Streets Of Rage – Sega’s next big movie hit? (pic: Sega)
The first new movie project to get the greenlight after the success of Sonic 2 is an adaptation of Mega Drive classic Streets Of Rage.
There are signs that Sega may finally be awakening from its decades long slumber, with rumours of not just big budget reboots of beloved retro titles but a movie adaptation of Streets Of Rage, by the creator of John Wick.
As a recent Reader’s Feature pointed out, the success of the second Sonic The Hedgehog movie is certain to ensure a new wave of video game movie adaptations, and in fact just today there’s been word of a Minecraft movie starring Jason Momoa.
That’s Minecraft though, which was always bound to get a movie at some point, but not so much Streets Of Rage, a 2D scrolling beat ‘em-up that was only recently revived with indie sequel Streets Of Rage 4.
The Streets Of Rage movie is being greenlit as a direct reaction to Sonic’s success, although it’s a vastly different prospect, since if you take the plot and setting seriously it’s all about fighting an evil crime syndicate in a series of street brawls – accompanied by early 90s techno music.
That’s not as easy a sell as a cuddly blue hedgehog but it’s apparently enough of a premise to attract Derek Kolstad to work on the script, who previously helped to create the John Wick franchise and Bod Odenkirk film Nobody.
Sonic movie producers dj2 Entertainment and Escape Artists will produce the film, with the former also planning to adapt co-op favourite It Takes Two for both television and film.

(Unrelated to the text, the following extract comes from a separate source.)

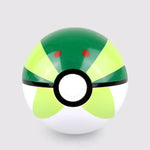 1Pcs Pokeball Action Figures PVC TAKARA TOMY Pokemon  Model Toy PVC Cute Elf Ball Decoration Dolls For Kids Gift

According to Deadline, there’s no indication of the director or actors, but the film is unlikely to involve John Wick director Chad Stahelski as he’s already working on an adaptation of Ghost Of Tsushima for Sony.
The original Mega Drive game featured the police as good guys, but the recent indie sequel took a different tone, with a corrupt police force being part of the problem.
It’s easy to imagine that might be the case for the movie but how anyone is going to adapt a video game with so little plot, whose sole appeal is its violence and soundtrack, remains to be seen.